> _BRIEF_: From the line that contains "dia-chi-thi-cong-mai-ton-uy-tin-lam-mai-ton-nha-o-Ha-Noi-3" through the line that contains "55 tatuaży z toporem (wraz z ich znaczeniem)", output every line of the listing below exactly and leave out all the rest.

╭─ DATA

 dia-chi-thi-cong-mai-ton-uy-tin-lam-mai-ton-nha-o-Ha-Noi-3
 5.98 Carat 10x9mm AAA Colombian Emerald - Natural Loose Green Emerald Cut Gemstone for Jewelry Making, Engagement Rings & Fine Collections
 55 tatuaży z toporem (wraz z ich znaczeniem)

╰─
╭─ DATA

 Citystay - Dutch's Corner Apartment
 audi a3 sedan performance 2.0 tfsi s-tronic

╰─

> _WRITTEN ANSWER_:
 dia-chi-thi-cong-mai-ton-uy-tin-lam-mai-ton-nha-o-Ha-Noi-3
 5.98 Carat 10x9mm AAA Colombian Emerald - Natural Loose Green Emerald Cut Gemstone for Jewelry Making, Engagement Rings & Fine Collections
 55 tatuaży z toporem (wraz z ich znaczeniem)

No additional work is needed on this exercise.